## PROBLEM REQUIREMENTS
The records below must be transcribed exactly, with each picture left out.

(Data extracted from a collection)
★ ★ ★ ★ ★
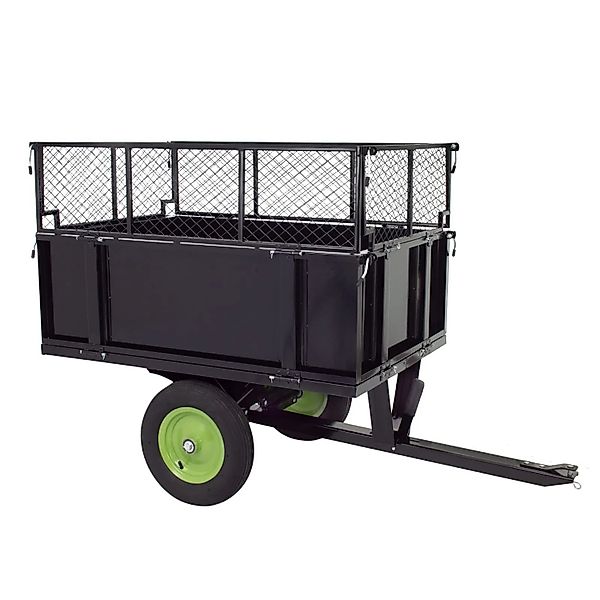 TRUTZHOLM Rasentraktor Anhänger Kippanhänger 300 kg Kippbar Mit Kupplung günstig online kaufen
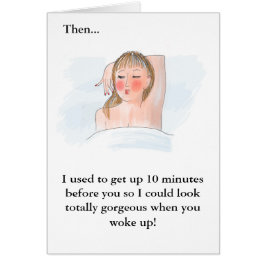 Cartão Deixando tudo ir Vazio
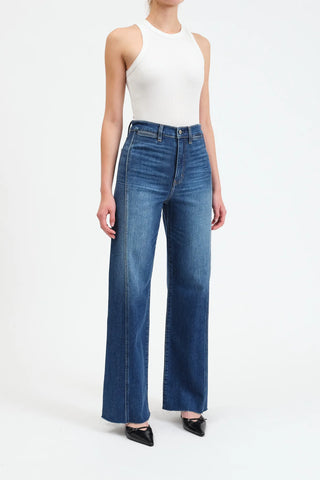 Daze | Far Out Seam Wide Leg Jean Waterfall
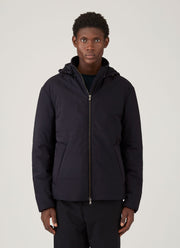 Men's Wool Puffer Jacket in Navy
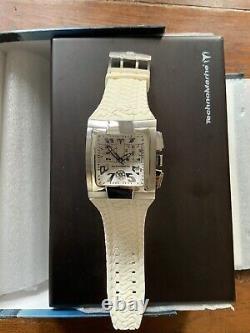 New Rare Hummer Technomarine White Hummer Watch With Box And Paperwork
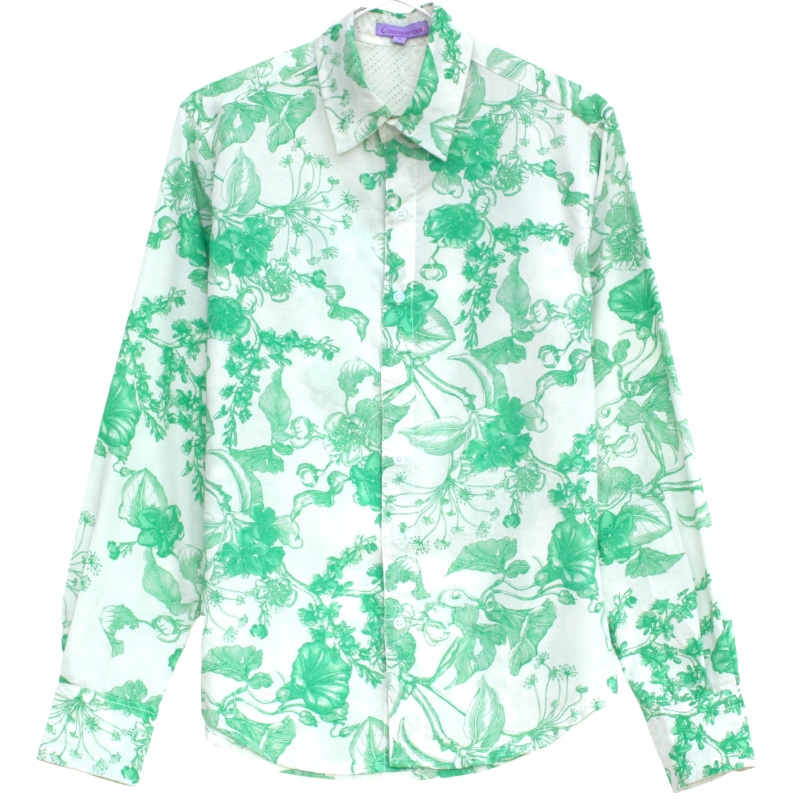 copy of Chemise Homme Imprimé Kaki Et Bleu Aqua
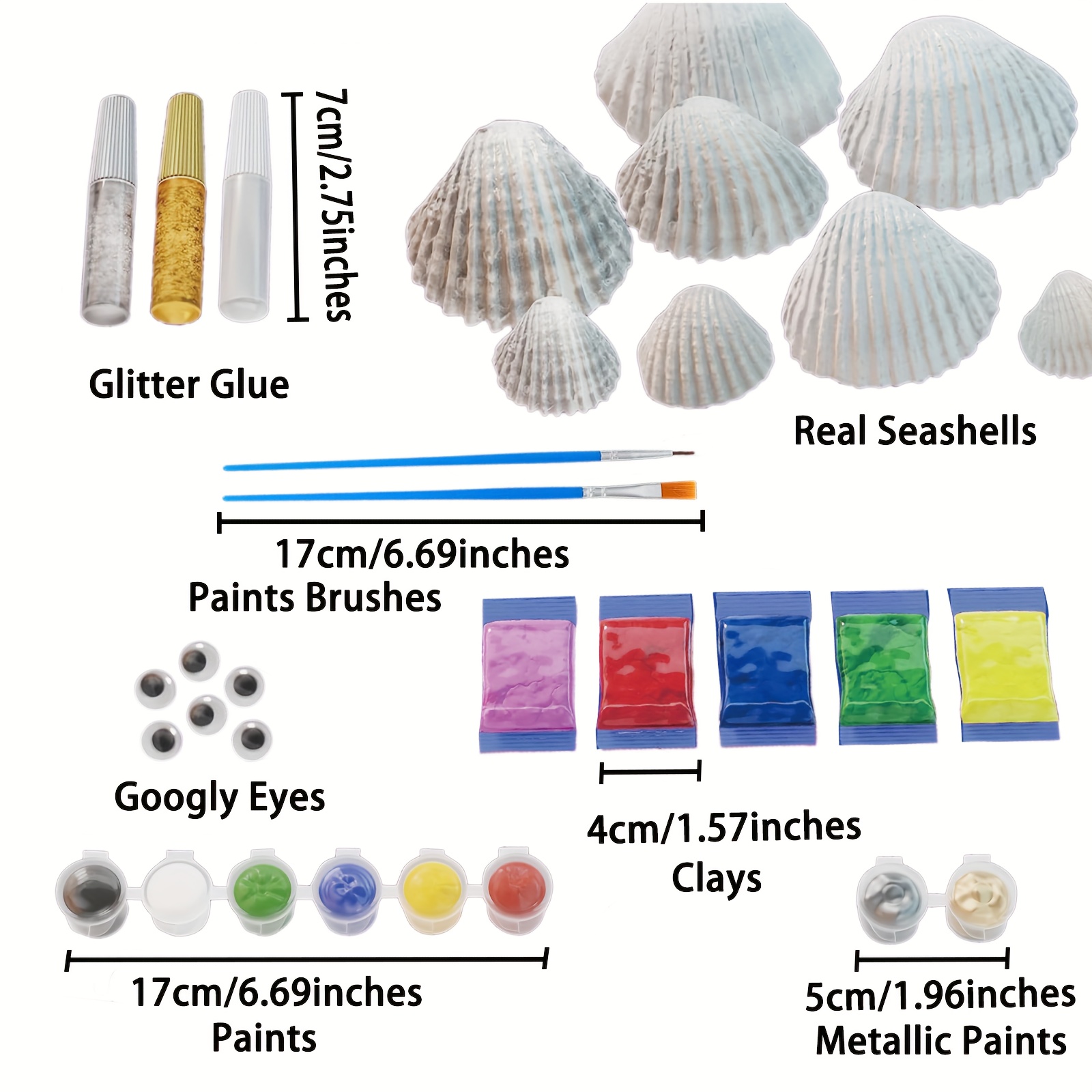 Painted Seashells craft activity guide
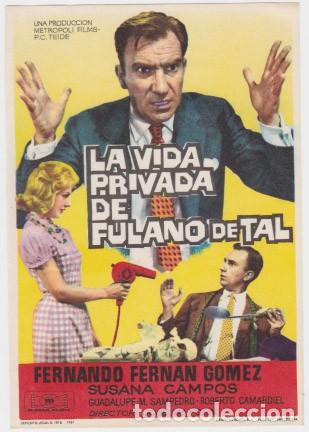 Cine: LA VIDA PRIVADA DE FULANO DE TAL - Foto 1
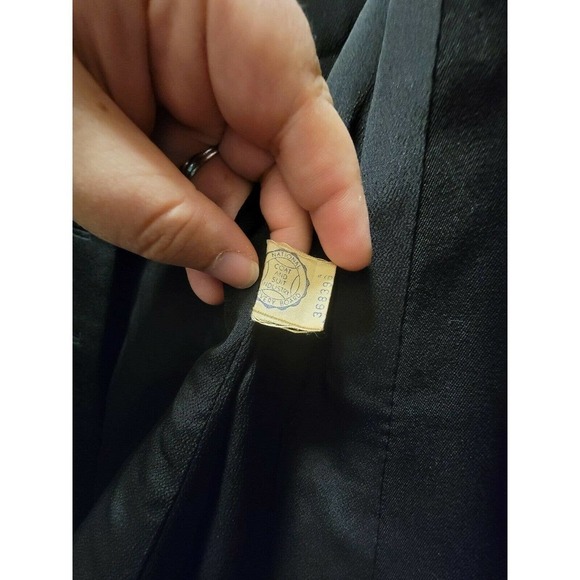 Unbranded Black Double Collared Womens Coat - Picture 5 of 7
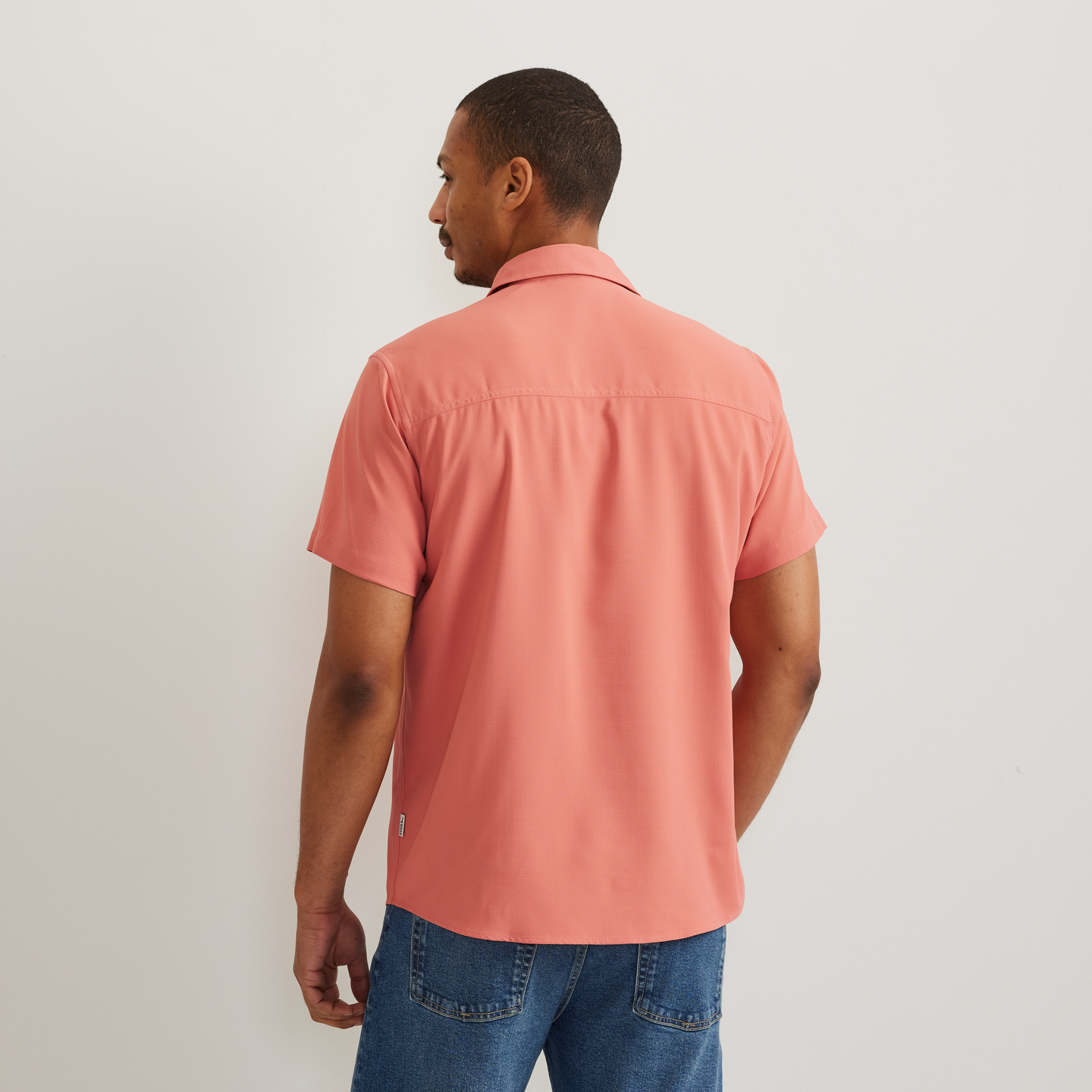 Men's SS Destination Shirt-Solid-Tangelo-Regular-F1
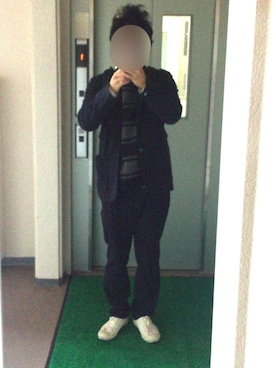 「curly」｜「アイテム（ジャケット/アウター）」を使った、ビックバンベイダーさん（メンズ・176cm）の冬コーディネート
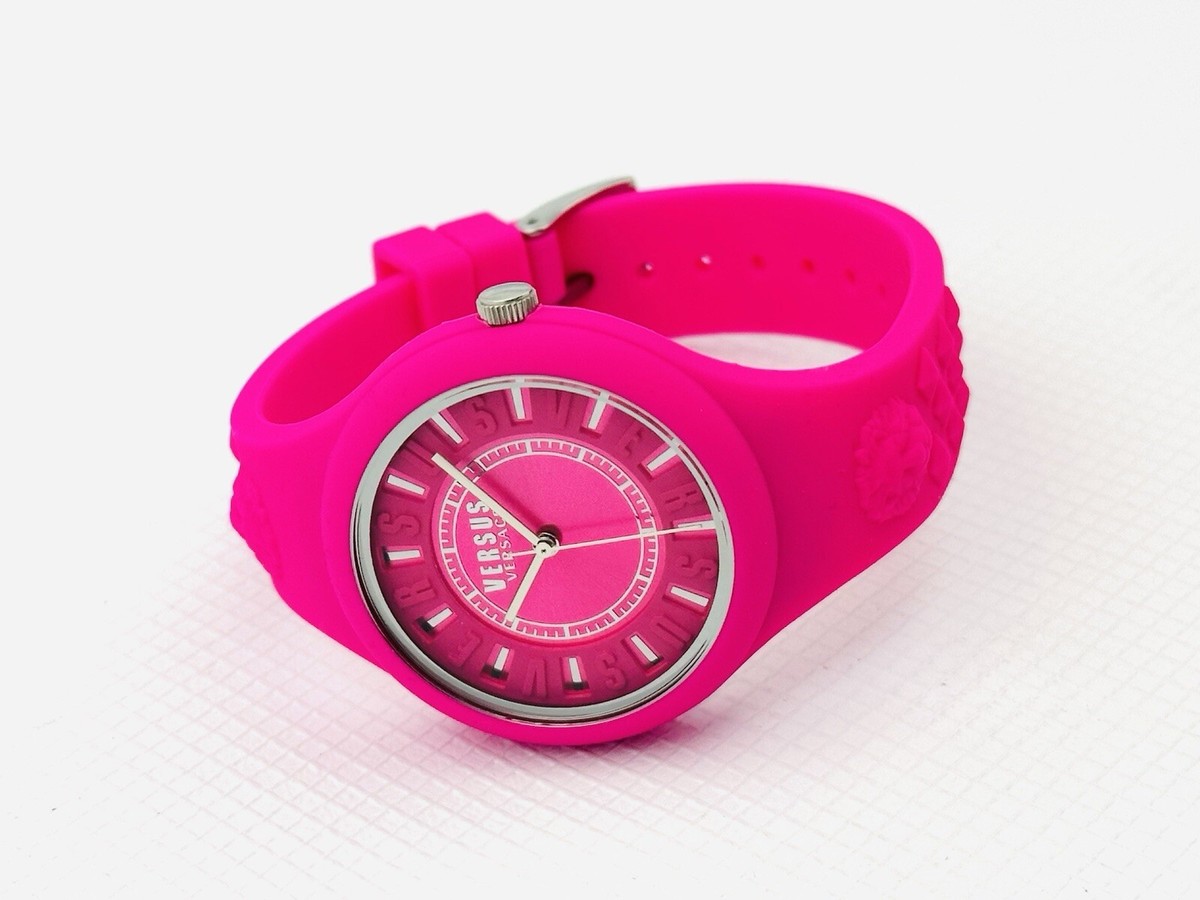 Versace Versus Bright Pink Watch! Brand new with box Versus Versace Mens Watches | Direct Luxury main image 4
★ ★ ★ ★ ★
## EXERCISE ANSWER
 TRUTZHOLM Rasentraktor Anhänger Kippanhänger 300 kg Kippbar Mit Kupplung günstig online kaufen
 Cartão Deixando tudo ir Vazio
 Daze | Far Out Seam Wide Leg Jean Waterfall
 Men's Wool Puffer Jacket in Navy
 New Rare Hummer Technomarine White Hummer Watch With Box And Paperwork
 copy of Chemise Homme Imprimé Kaki Et Bleu Aqua
 Painted Seashells craft activity guide
 Cine: LA VIDA PRIVADA DE FULANO DE TAL - Foto 1
 Unbranded Black Double Collared Womens Coat - Picture 5 of 7
 Men's SS Destination Shirt-Solid-Tangelo-Regular-F1
 「curly」｜「アイテム（ジャケット/アウター）」を使った、ビックバンベイダーさん（メンズ・176cm）の冬コーディネート
 Versace Versus Bright Pink Watch! Brand new with box Versus Versace Mens Watches | Direct Luxury main image 4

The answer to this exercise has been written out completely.